China NDRC said they will use monetary policy including targeted RRR reductions to support debt-to-equity swaps, while it added it will require banks to be stricter in limiting corporate debt and restrict high leverage firms from borrowing too much. (Newswires)
Chinese Trade Balance (CNY)(Jul) 176.9B vs. Exp. 227.1B (Prev. 261.9B). (Newswires)
Chinese Exports (CNY)(Jul) Y/Y 6.0% vs. Exp. 5.6% (Prev. 3.1%)
Chinese Imports (CNY)(Jul) Y/Y 20.9% vs. Exp. 12.5% (Prev. 6.0%)
PBoC skipped open market operations for a net neutral daily position. (Newswires)
PBoC set CNY mid-point at 6.8313 (Prev. 6.8431)
BoJ Summary of Opinions from July 30th-31st meeting stated it is necessary to persistently continue with the current powerful monetary easing as the momentum toward 2 percent inflation is maintained. There was also the opinion that it will likely take more time than expected to achieve 2% inflation and that is time for BoJ to strengthen commitment to reaching price target due to weak price moves. Furthermore, it was suggested that the BoJ should permit long-term rates to move around -0.25% to 0.25% and should expand monetary stimulus and adopt forward guidance to spur demand and inflation expectations. (Newswires)
Italian Economy Minister Tria says he sees no flight from Italian bonds, and the position of Italy in the Euro is not being questioned. (Il Sole 24)
European equites have largely opened the day mixed, as the focus remains on large cap earnings. Uninspiring earnings from both Munich Re (-3.5%) and E.ON (-1.8%) have hit the DAX, which alongside the SMI are both in the red. The healthcare sector is the underperforming sector after Novo Nordisk reported a miss on both EBIT and revenue expectations.
Earnings for AEX heavyweights ABN AMRO (+3.3%) and Ahold Delhaize (-2.0%) were also released, with the Ahold missing on net profit expectations.
Southern Co (SO) Q2 EPS loss USD 0.15 vs. Exp. USD 0.69 (may not compare), revenue USD 5.62bln vs. Exp. USD 5.3bln
After opening mark-ups and early retracements a period of even choppier price action has seen debt futures extend both sides of their trading ranges in rather erratic, but typically Summer fashion. Bunds appeared to spark or lead the more frantic moves with a dip through 162.00 to 161.96 (-5 ticks on the day), but then a sharper rebound to 162.23 (+22 ticks), with Gilts tagging along, but not quite as volatile. The 10 year UK benchmark has posted a marginal new Liffe trough at 122.65 (-3 ticks), though no fresh top, with DMO issuance to absorb.

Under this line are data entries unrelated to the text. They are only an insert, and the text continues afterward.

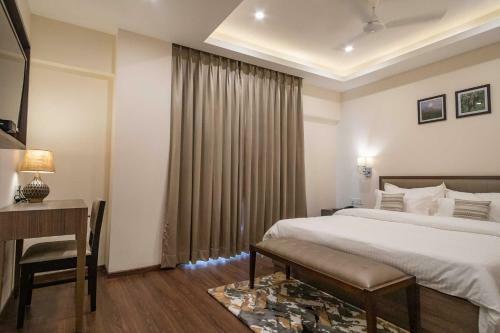 Hotel Alaya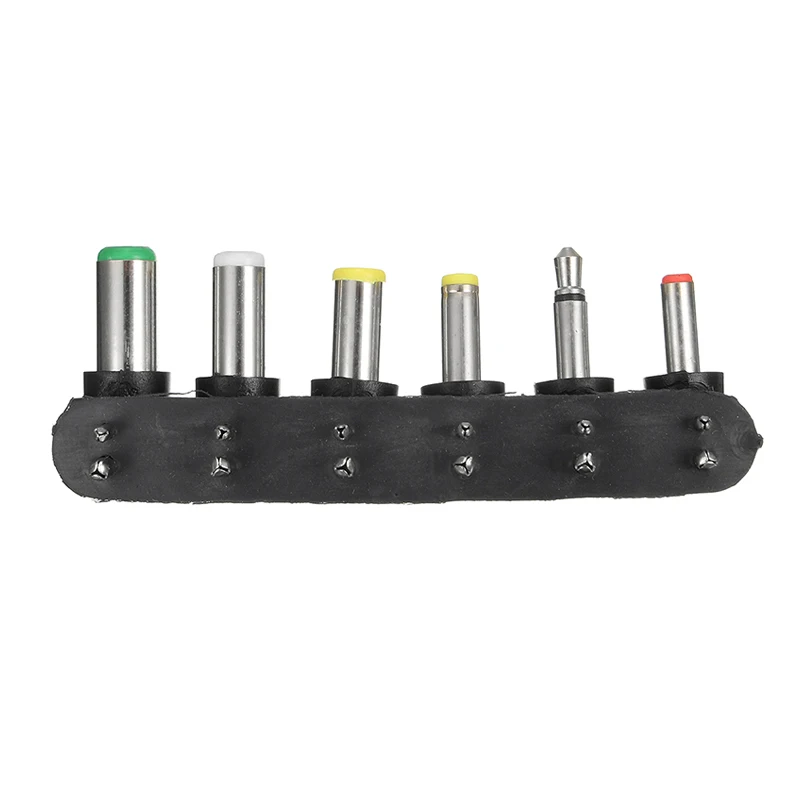 Адаптер переменного тока CLAITE DC12V 2.5A 30 Вт адаптер питания с регулируемым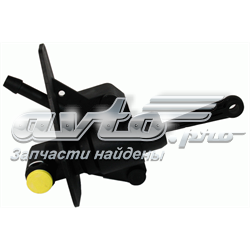 Головний циліндр зчеплення 0986486067 Bosch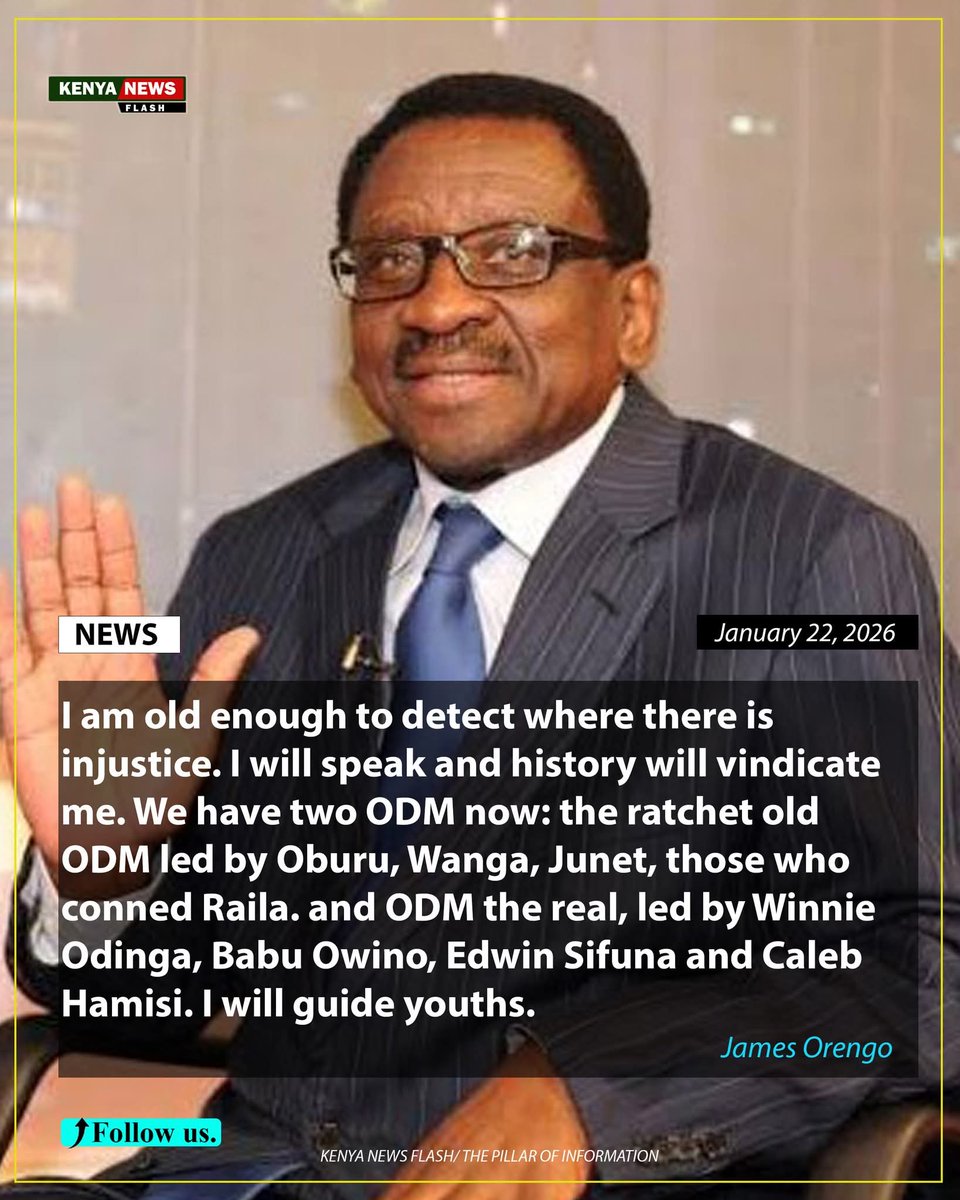 solo_ambuku's tweet photo. @AokoOtieno_ @LionMuruthi It's a done deal! #BloodBasedGovernment ang'oa? #ODMcows one side! π€·πΎπΉπ―ππΎ https://t.co/MEQauczhJe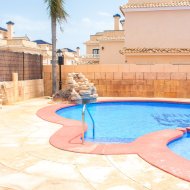 Reventa - Adosado -
Orihuela Costa - Los Dolses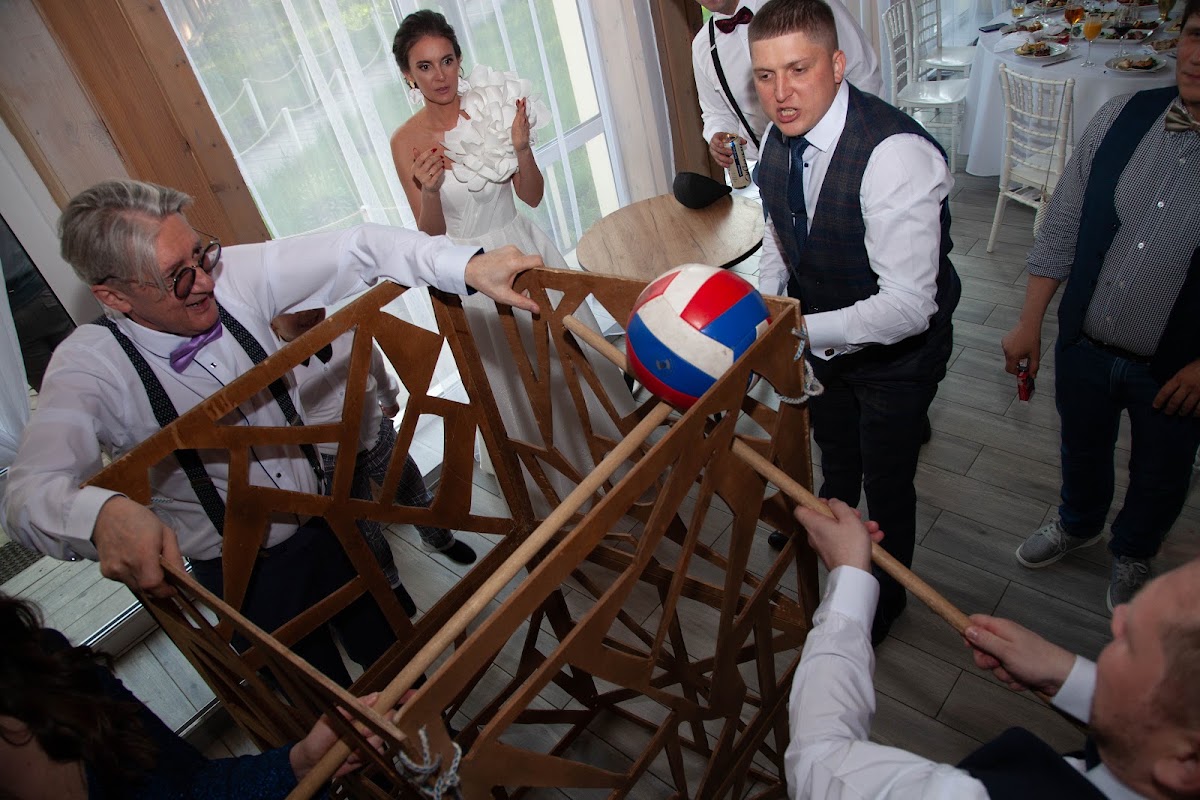 Кристина и Алексей 17.05.2024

On that note, the GBP 2.5bln auction saw decent demand but at a higher yield and came with a slightly longer tail. Elsewhere, US Treasuries are just off overnight session peaks, but only fractionally firmer from Tuesday’s CBOT closes with supply also in mind.

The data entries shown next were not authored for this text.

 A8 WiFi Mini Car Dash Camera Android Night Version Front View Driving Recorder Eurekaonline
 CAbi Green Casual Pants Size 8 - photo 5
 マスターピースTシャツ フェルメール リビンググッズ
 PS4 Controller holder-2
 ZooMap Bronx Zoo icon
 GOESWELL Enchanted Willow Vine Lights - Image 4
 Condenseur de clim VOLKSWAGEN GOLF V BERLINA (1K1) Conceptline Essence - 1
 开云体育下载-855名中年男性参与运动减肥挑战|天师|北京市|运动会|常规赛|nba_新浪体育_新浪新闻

JPY - Stops and another rebound in the YUAN have prompted all round Jpy buying and a break in the hitherto tight Usd/Jpy range to the downside through 111.00. This, after resistance above the big figure held on several attempts to rally towards heavy offers at 111.50, but the headline pair may not decline much further from circa 110.85 so far given multiple option expiries running off on Thursday and starting from 111.00-05 (1.4 bn) through 111.50-55 (1.9 bn) all the way up to 111.90, 112.00 and then 112.10-20.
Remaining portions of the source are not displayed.